In 2009 Porat and Porat described a surprising result: a randomized O(n log m) streaming algorithm that uses O(log m) space. Each space unit is a register of O(log n) bits. The pattern is first preprocessed and certain information is computed and stored in O(log m) space. Porat and Porat do not give a streaming algorithm for the preprocessing and it is not clear whether such an algorithm is possible for their preprocessing. In addition their randomized algorithm may have two sided errors with small probability; it may miss occurrences of the pattern as well as report occurrences that do not occur.

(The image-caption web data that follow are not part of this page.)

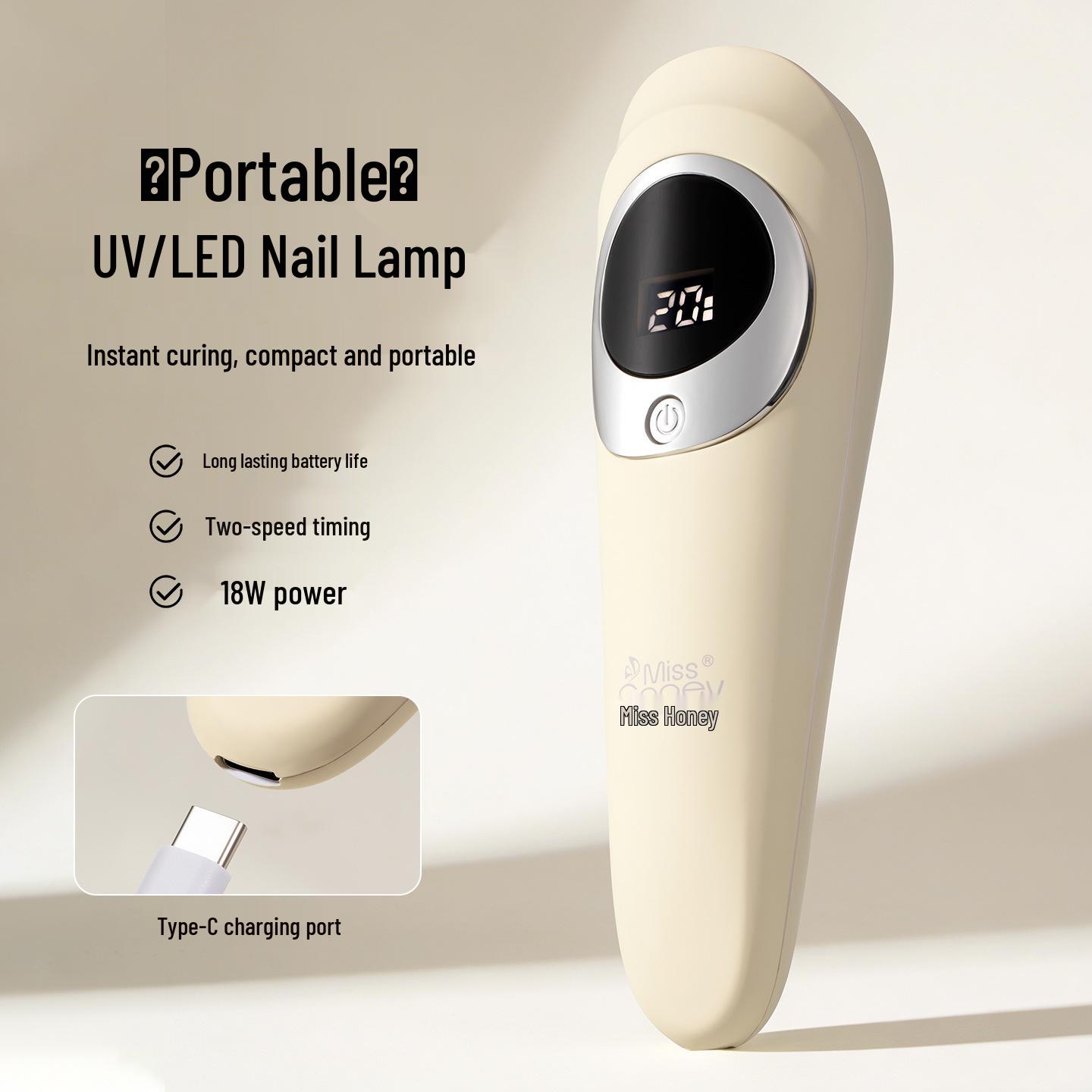 Miss Honey Portable Rechargeable Nail Lamp - Fast-Drying Handheld Phototherapy for Nail Art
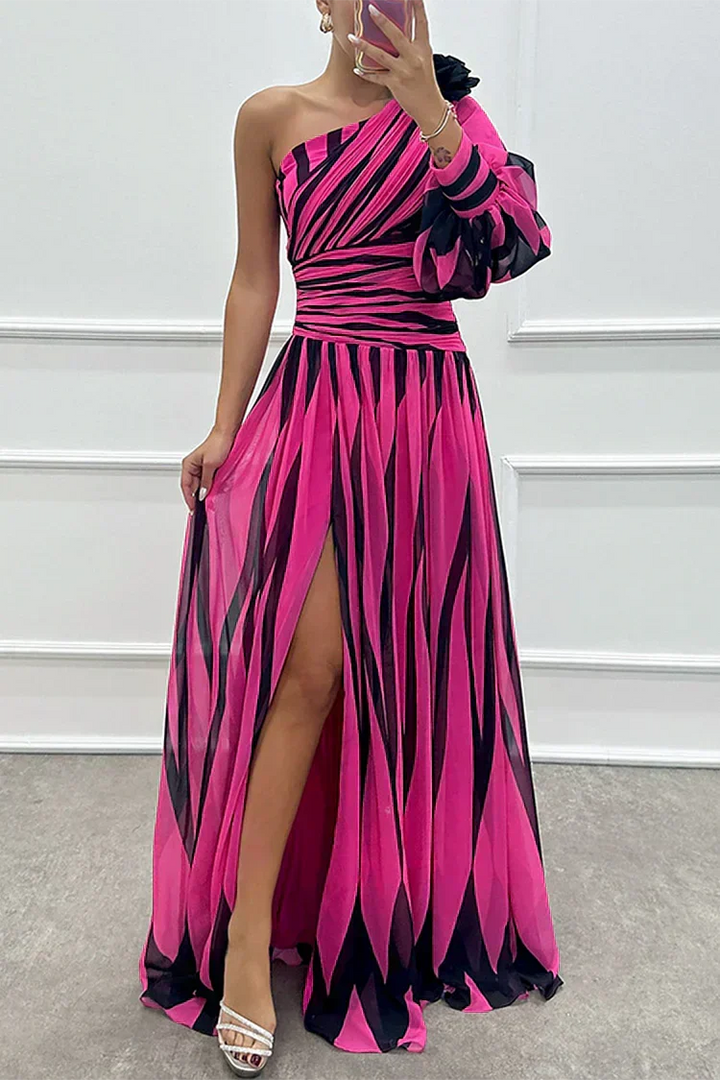 Stylish women's long striped one-shoulder dress with an elegant side slit. Great for evening parties and formal events.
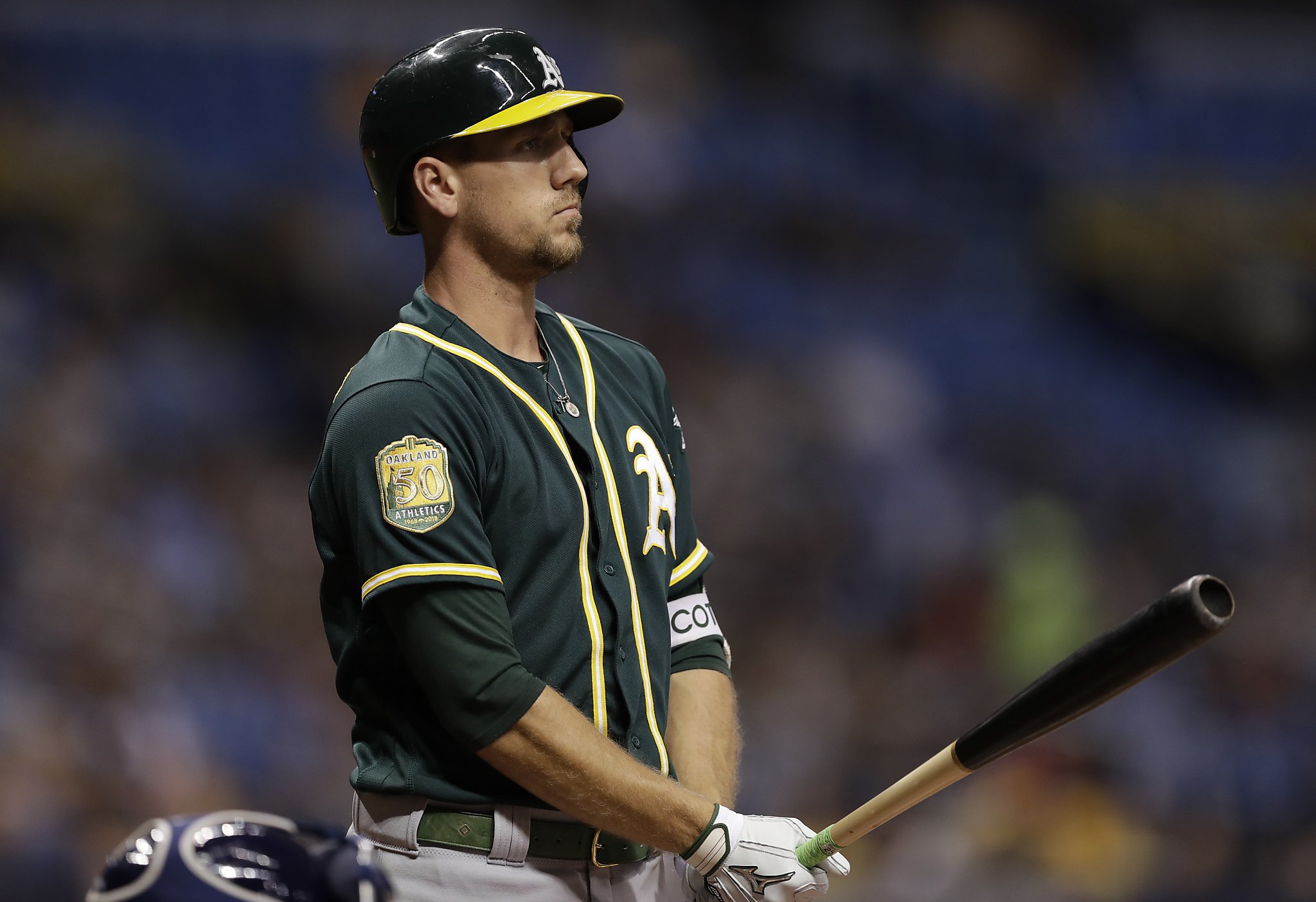 Stephen Piscotty gets hit in first at bat since his mother passed away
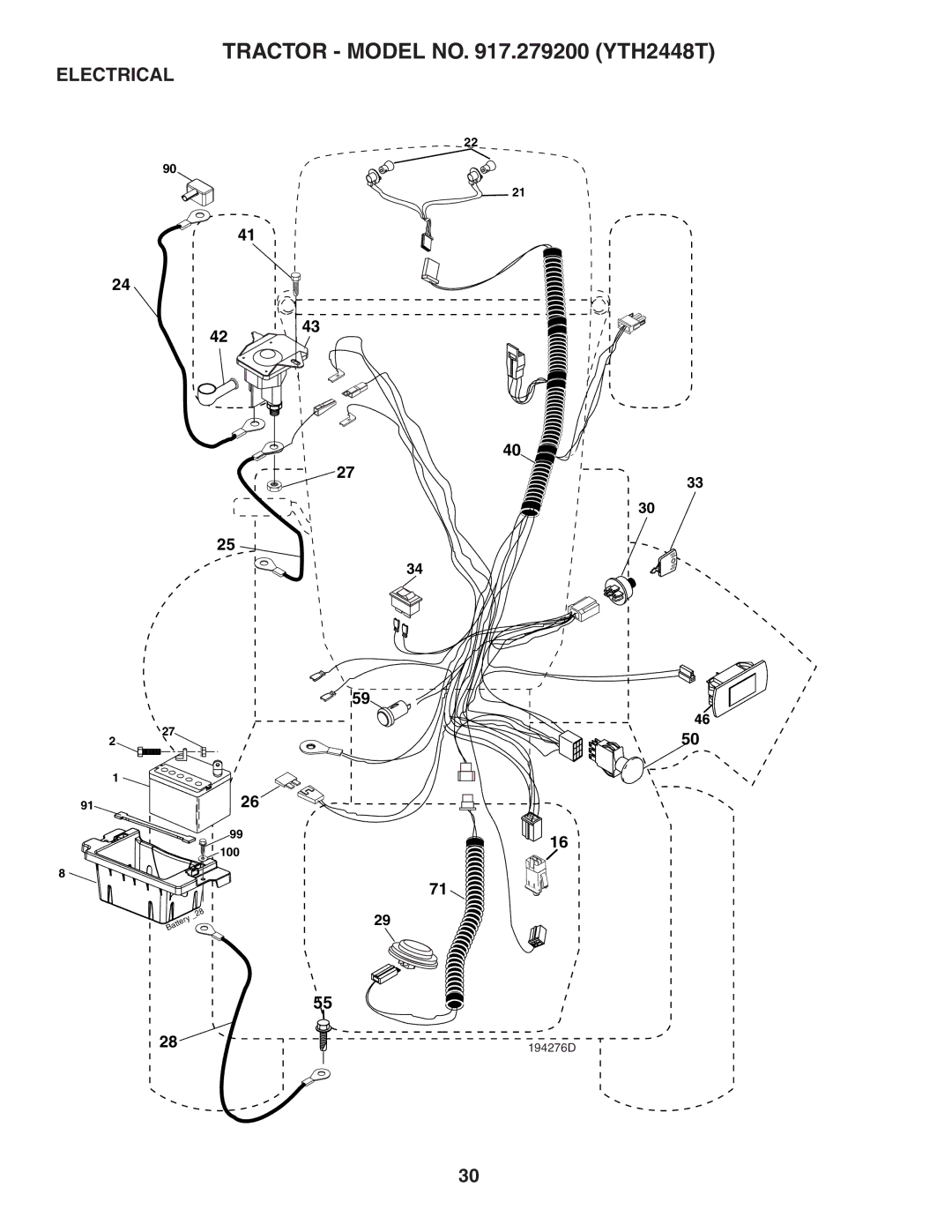 Husqvarna YTH2448T owner manual Electrical 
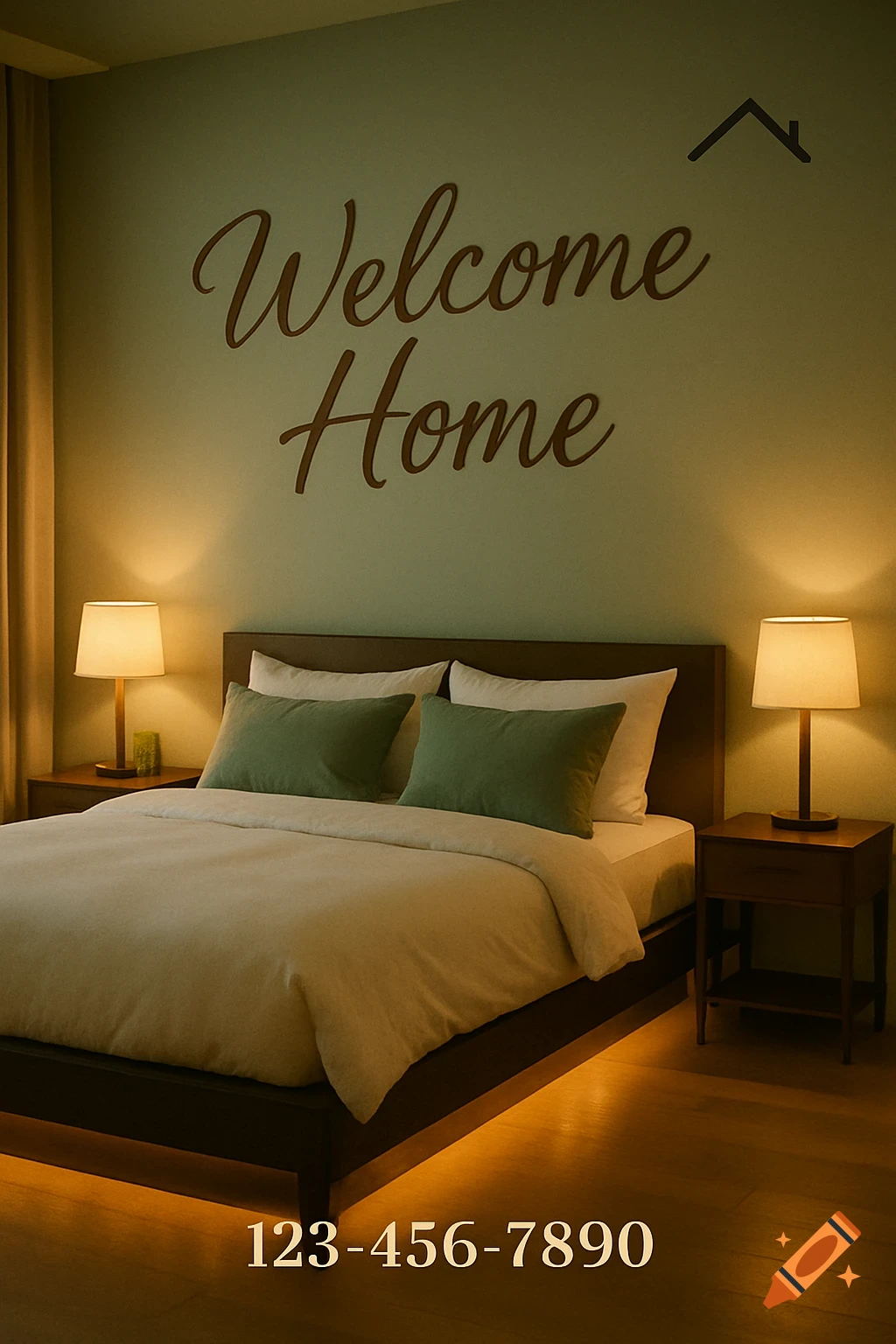 Warmly lit modern bedroom with 'Welcome Home' on the wall, a bed with green pillows, and bedside lamps.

We design two algorithms for the problem. The first one, like Porat and Porat, is an O(n log m) time streaming randomized algorithms using O(log m) space. The preprocessing of our algorithm is a trivial real-time streaming algorithm. Our algorithm allows with small probability only one sided (false positive) errors, which are unavoidable. In particular, it never misses an occurrence. We then modify this algorithm to obtain a real-time O(log m) space streaming algorithm that uses a real time streaming preprocessing and allows only one sided errors. Porat and Porat used their algorithm as a black box to obtain streaming algorithms for the 1-mismatch and k-mismatch string matching problem. Using our algorithm we shave an O(log m) factor (an order of magnitude) from their time bounds.
This work is joint with Danny Breslauer.
Biography: Zvi Galil was born in Tel-Aviv, Israel. He earned his BS and MS degrees in Applied Mathematics from Tel Aviv University, both summa cum laude. He then obtained a PhD in Computer Science from Cornell University. After a post-doctorate in IBM's Thomas J. Watson research center, he returned to Israel and joined the faculty of Tel-Aviv University. He served as the chair of the Computer Science department in 1979-1982. In 1982 he joined the faculty of Columbia University. He served as the chair of the Computer Science Department in 1989-1994 and as dean of The Fu Foundation School of Engineering & Applied Science in 1995-2007.
Galil was appointed Julian Clarence Levi Professor of Mathematical Methods and Computer Science in 1987, and Morris and Alma A. Schapiro Dean of Engineering in 1995. In 2007 Galil returned to Tel Aviv University and served as president. In July 2010 he became The John P. Imlay, Jr. Dean of Computing at Georgia Tech.
Galil's research areas have been the design and analysis of algorithms, complexity, cryptography and experimental design. In 1983-1987 he served as chairman of ACM SIGACT, the Special Interest Group of Algorithms and Computation Theory.